When you look back at 2023, what are your key observations of this industry, especially the tech and the media industry?

In my perspective, technology and media have converged seamlessly, making it challenging to differentiate between them. Observing our Diwali campaigns, the integration is evident, and the boundaries have become increasingly blurred. When confronted with the question of traditional media versus new media, I find it irrelevant because everything is converging into a unified domain. Reflecting on historical shifts, like the advent of modern trade and e-commerce, predictions were made about the disappearance of small players and traditional retail. However, such predictions didn’t materialise. Over time, equilibrium is found, much like water finding its level. While there may be pressures between the new and the old, it’s essential to recognise that what is considered new today will inevitably become old tomorrow. Each element goes through its lifecycle, and everyone experiences different phases in their journey.

Similarly, with the integration of technology and data into media, there is a need to become more proactive in customising deliveries for clients. The speed of delivery to clients or consumers must be accelerated to keep up with the evolving landscape.

Looking forward to 2024, what are the major expectations? How much of a prop-up would the upcoming Lok Sabha elections provide to the advertising industry? What are the challenges that you foresee and how can the industry gear up to address these challenges?

You answered the question yourself. I think it will be a good prop-up, thanks to IPL and the upcoming elections. And we need the prop-ups, to be honest.

Relying on temporary boosts is akin to a short-term solution. I envision sustained, consistent growth for the industry, progressing year on year and month on month. Prop-ups, while providing a temporary bonus, shouldn’t be the primary driver. Looking ahead to 2024, I anticipate ongoing cost pressures on the industry, necessitating adaptation to the evolving landscape of technology, data, and marketing interactions. Resistance to this changing dynamic will only amplify the pressure. Predictions for 2024 suggest a stronger economy in the second half, particularly after the elections settle. The return of start-up funding and increased confidence are expected to drive higher spending. Importantly, this spending won’t be limited to creative and media; there’s a significant surge projected in data tech commerce, a market that surpasses the size and scale of the creative and media market. Dentsu’s strategy aligns with capturing a larger share of this space, aiming for a balanced portfolio to meet clients’ comprehensive needs and provide more fulfilling careers for our team.

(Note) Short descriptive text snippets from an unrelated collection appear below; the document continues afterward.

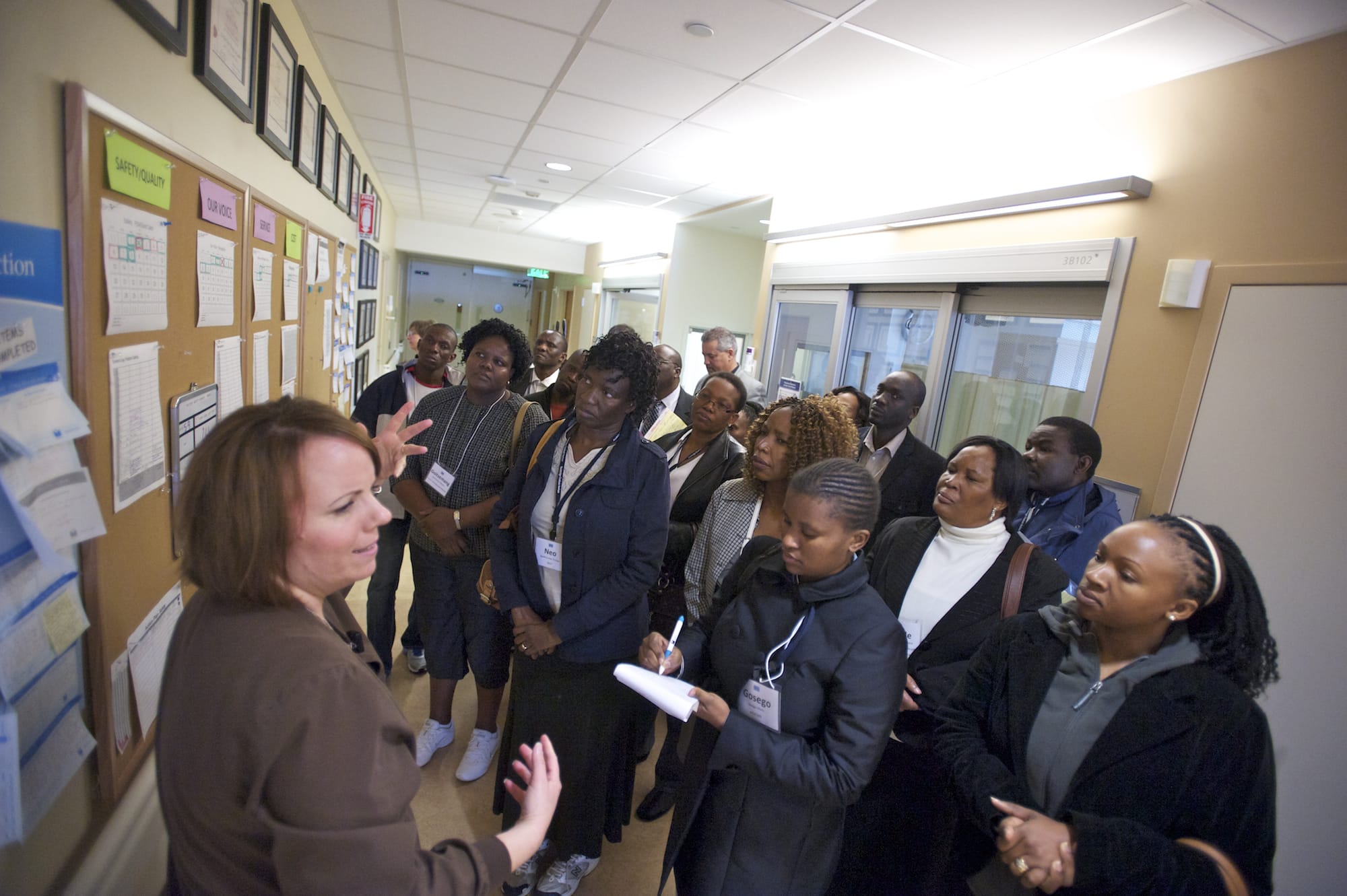 Charge Nurse Sandra Welker, left, leads a delegation of civic, health and government officials from the Republic of Botswana on a tour of Legacy Salmon Creek Medical Center's intensive-care unit.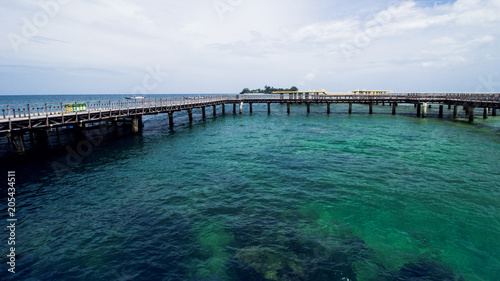 Wooden Beach Dock or Wooden Pier at Tropical Beach © Hermiadi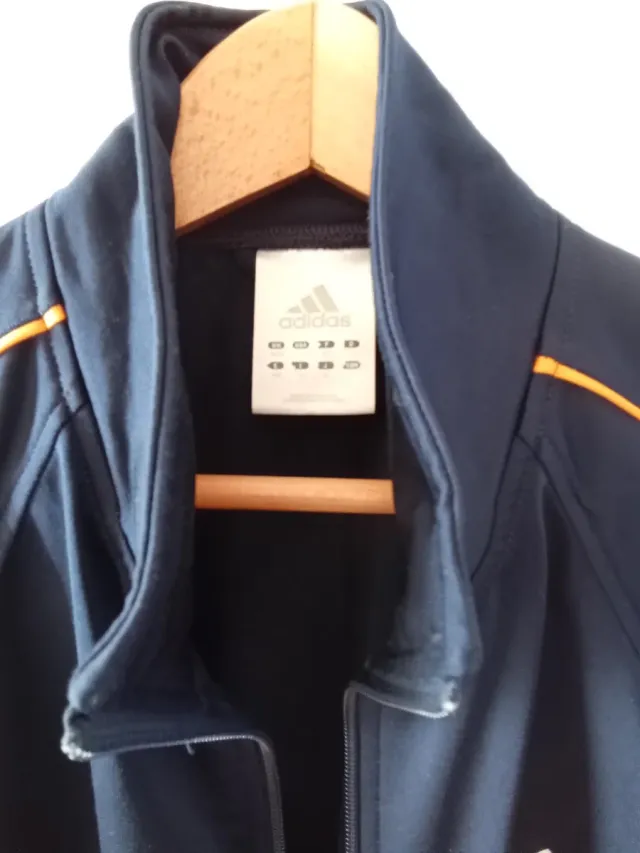 Chaqueta Adidas azul y naranja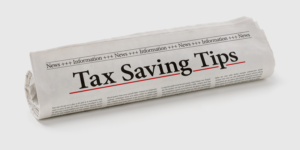 Rolled up newspaper with the heading Tax Saving Tips.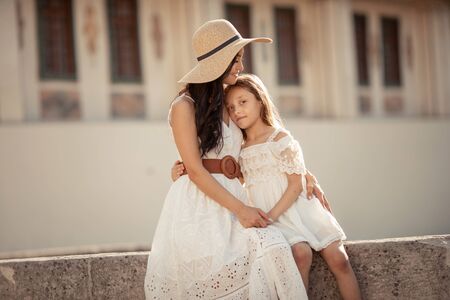 Young beautiful mother of eastern appearance walks with her daughter on the ancient streets of the Mediterranean city.の写真素材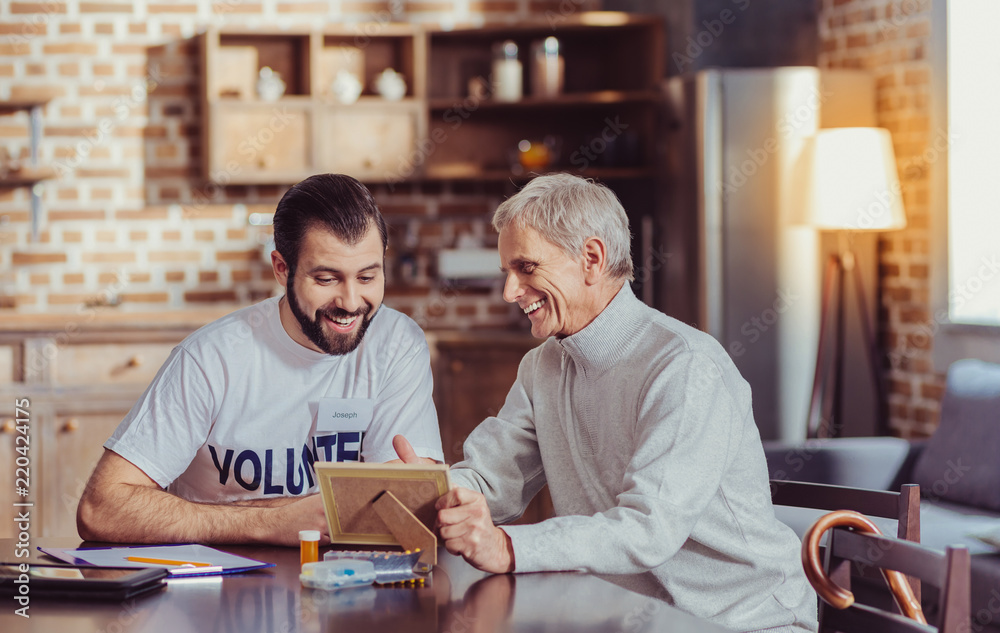 Look at this. Friendly senior satisfied man sitting by the table smiling and showing a photo to a volunteer. Look at this. Friendly senior satisfied man sitting by the table smiling and showing a photo to a volunteer.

What are your plans for Dentsu in 2024?

We will strengthen our talent in existing domains to make them more tech-savvy. We will also bring in external talent in new domains. Priority number one for 2024 is strategic and calculated acquisitions that facilitate the adoption of new methodologies, allowing internal teams to upgrade their skills. The focus is on shaping the newer version of Dentsu in alignment with evolving industry trends. Simultaneously, client feedback remains integral. Continuous engagement with clients involves seeking their experiences and understanding whether the intended objectives are being met.

My focus is on fortifying our existing business, enhancing technological capabilities, expanding into new business ventures, and adopting a client-centric approach. Continuous feedback from clients is integral to refining our journey and ensuring it aligns with their expectations. The insights gained from CEO feedback have been valuable. Looking ahead to 2025, I anticipate a stronger trajectory, especially in the second half of 2024, when the narrative of our strategic initiatives becomes more concrete and solidifies.